→ **TRY IT**
Nothing in the data should change when you return it, but leave the pictures out.

[MATERIAL SUPPLIED]

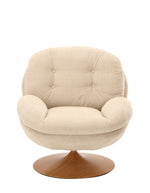 Vue de face du Fauteuil loveuse pivotant capitonné en tissu beige avec pied tulipe en métal finition bois naturel, style rétro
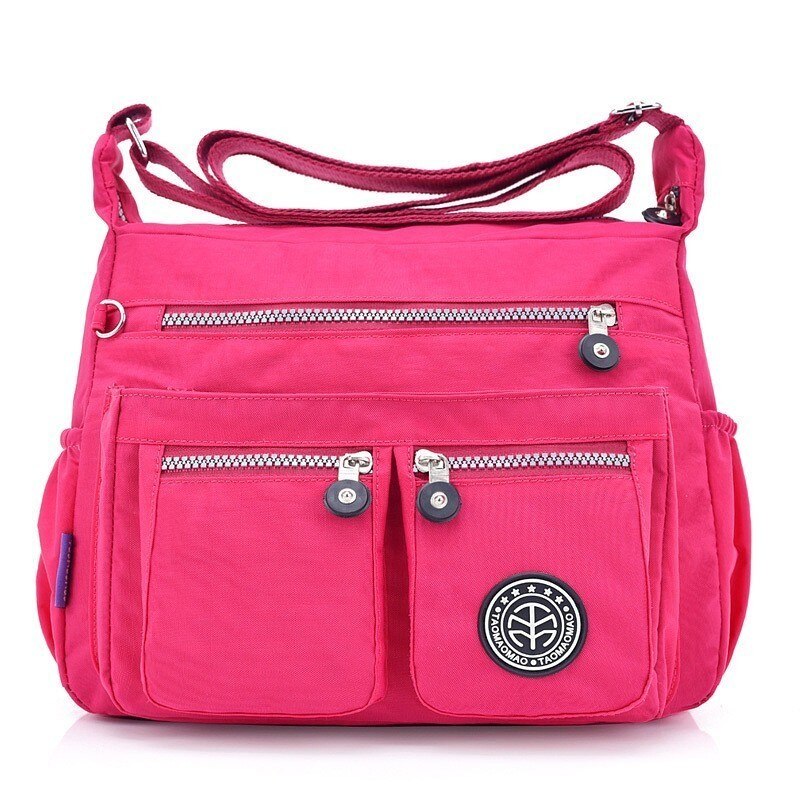 TTOU Women Casual Messenger Bags Waterproof Nylon Handbag Female Daily Shoulder Bag Ladies Crossbody Bags Bolsa Sac A Main: Hot Pink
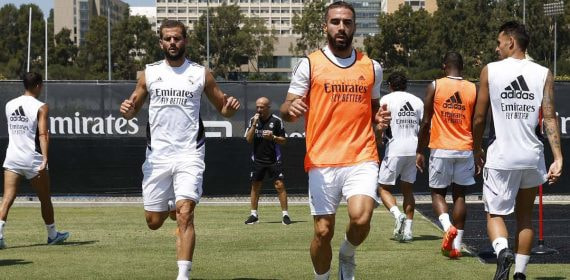 El Real Madrid entrenando en la universidad de UCLA.
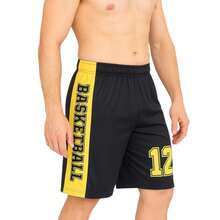Men's Sports Shorts For Gym, Bodybuilding, Running - 黑色和黃色 - 查看 2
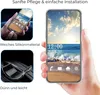 A hand holding a smartphone with a beach wallpaper, surrounded by marketing graphics about a phone case. Produktbild-Vorschau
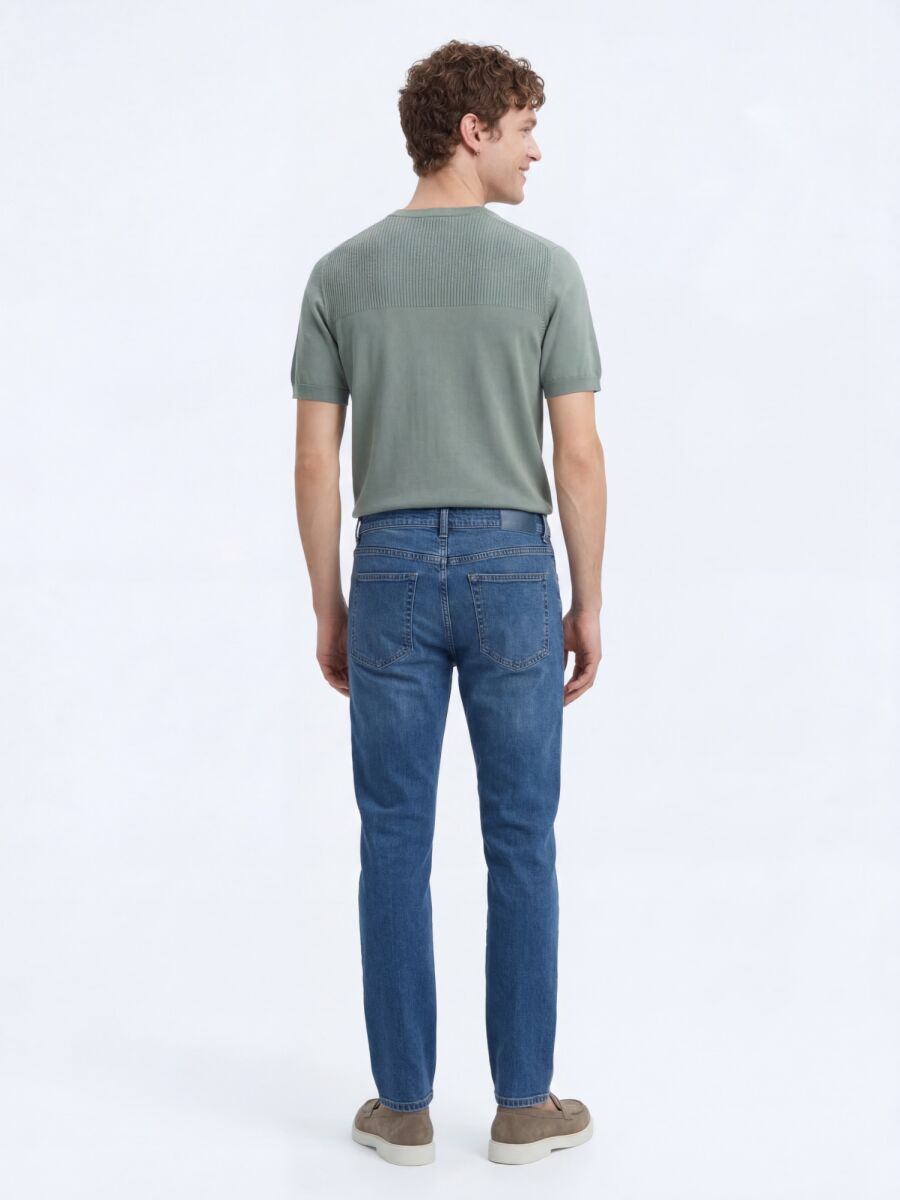 Medium Blue Slim Fit Recycled Denim Cotton Blended Trousers - 4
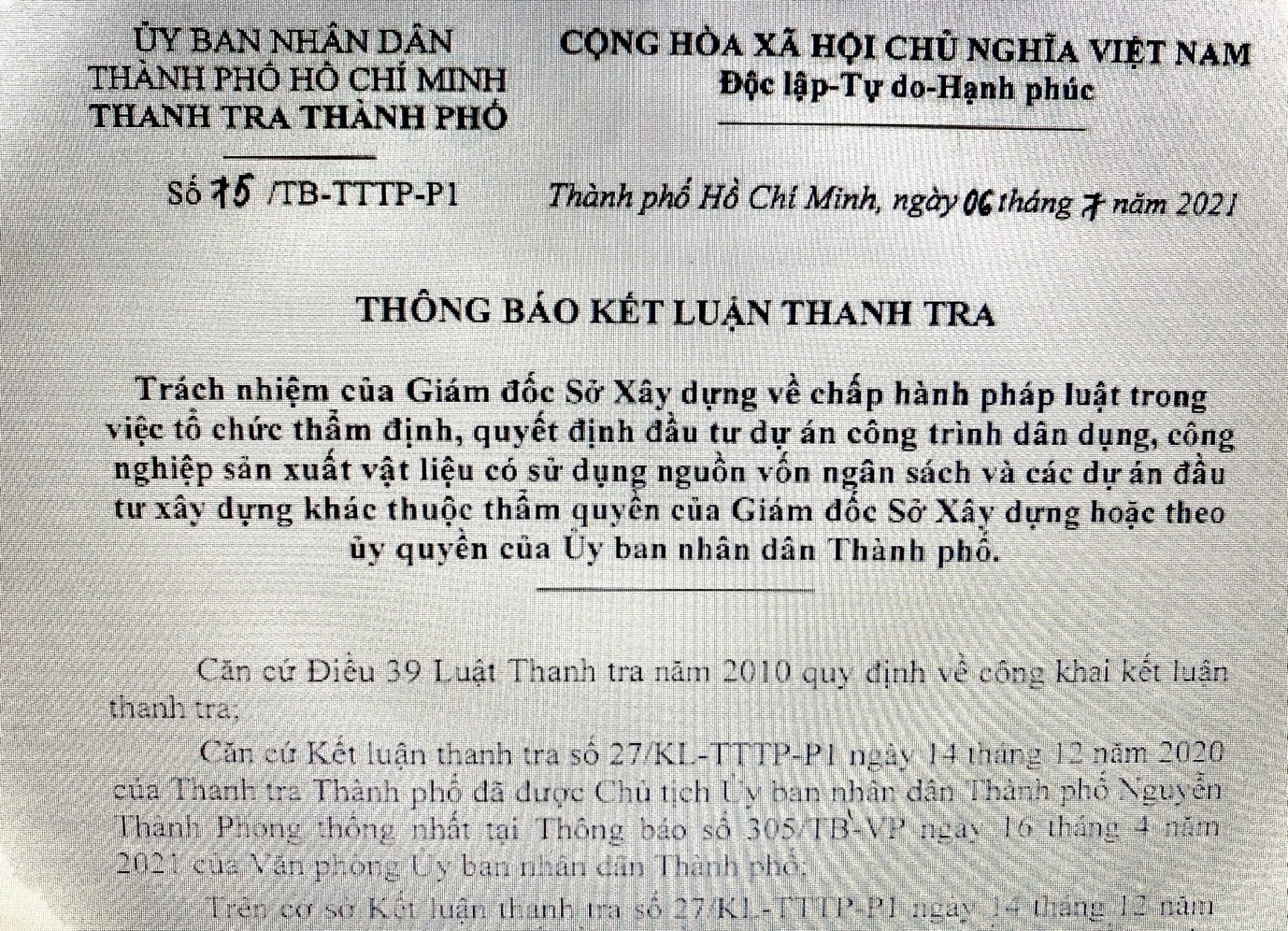 thanh pho ho chi minh chi dao xu ly trach nhiem giam doc so xay dung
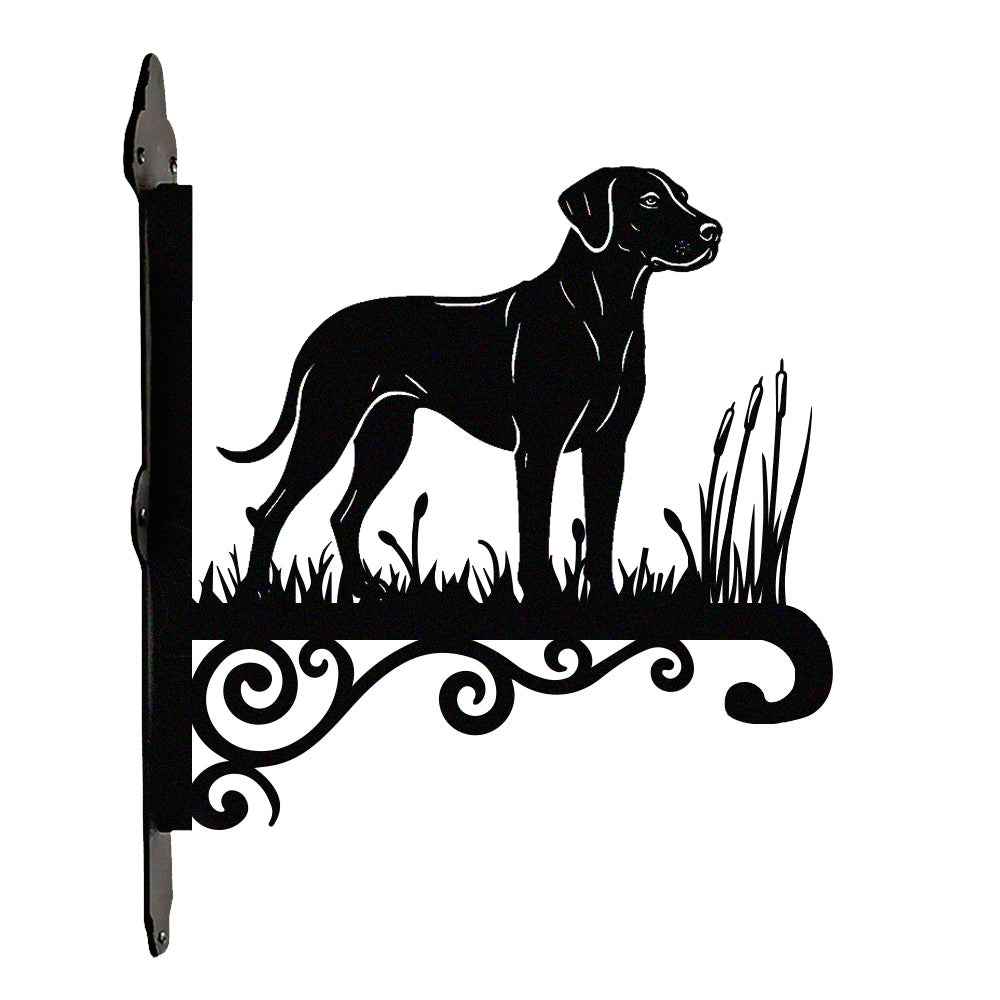 Rhodesian ridgeback metal hanging basket bracket mounted on outdoor wall for plant decoration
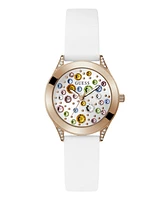 Guess Women's Analog White Silicone Watch 34mm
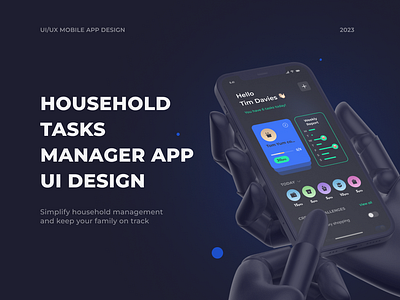 Household tasks manager app app design black challenges challenges app chores create create task dark ui design family household household tasks manage manager app mobile ui modern organize tasks manager ui user interface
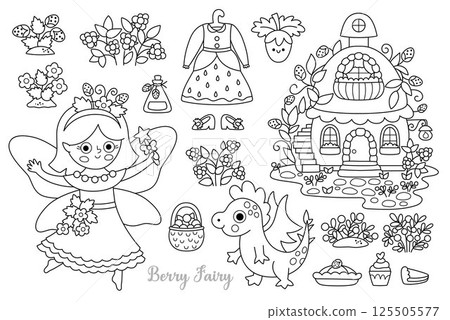 Vector black and white berry fairy clipart set. Cute girl line icons. Woodland princess collection. Fantasy, fairytale forest illustrations. Magic creature coloring page with butterfly, dragon, house, Vector black and white berry fairy clipart set. Cute girl line icons. Woodland princess collection. Fantasy, fairytale forest illustrations. Magic creature coloring page with butterfly, dragon, house, 125505577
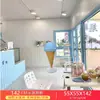 Escultura de Helado Esférico Adorno Grande Modelo de Helado de Doble Bola Colgante de Pared Luminoso Decoración de Tienda de Postres Invertida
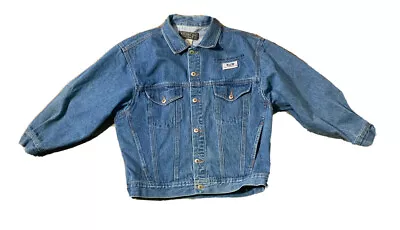 VTG Ford Country Built Ford Tough Denim Trucker Jacket Size Medium • $35.99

[/MATERIAL SUPPLIED]

→ **OUTPUT**
 Vue de face du Fauteuil loveuse pivotant capitonné en tissu beige avec pied tulipe en métal finition bois naturel, style rétro
 TTOU Women Casual Messenger Bags Waterproof Nylon Handbag Female Daily Shoulder Bag Ladies Crossbody Bags Bolsa Sac A Main: Hot Pink
 El Real Madrid entrenando en la universidad de UCLA.
Men's Sports Shorts For Gym, Bodybuilding, Running - 黑色和黃色 - 查看 2
 A hand holding a smartphone with a beach wallpaper, surrounded by marketing graphics about a phone case. Produktbild-Vorschau
 Medium Blue Slim Fit Recycled Denim Cotton Blended Trousers - 4
 thanh pho ho chi minh chi dao xu ly trach nhiem giam doc so xay dung
 Rhodesian ridgeback metal hanging basket bracket mounted on outdoor wall for plant decoration
 Guess Women's Analog White Silicone Watch 34mm
 Household tasks manager app app design black challenges challenges app chores create create task dark ui design family household household tasks manage manager app mobile ui modern organize tasks manager ui user interface
 Vector black and white berry fairy clipart set. Cute girl line icons. Woodland princess collection. Fantasy, fairytale forest illustrations. Magic creature coloring page with butterfly, dragon, house, Vector black and white berry fairy clipart set. Cute girl line icons. Woodland princess collection. Fantasy, fairytale forest illustrations. Magic creature coloring page with butterfly, dragon, house, 125505577
 Escultura de Helado Esférico Adorno Grande Modelo de Helado de Doble Bola Colgante de Pared Luminoso Decoración de Tienda de Postres Invertida
 VTG Ford Country Built Ford Tough Denim Trucker Jacket Size Medium • $35.99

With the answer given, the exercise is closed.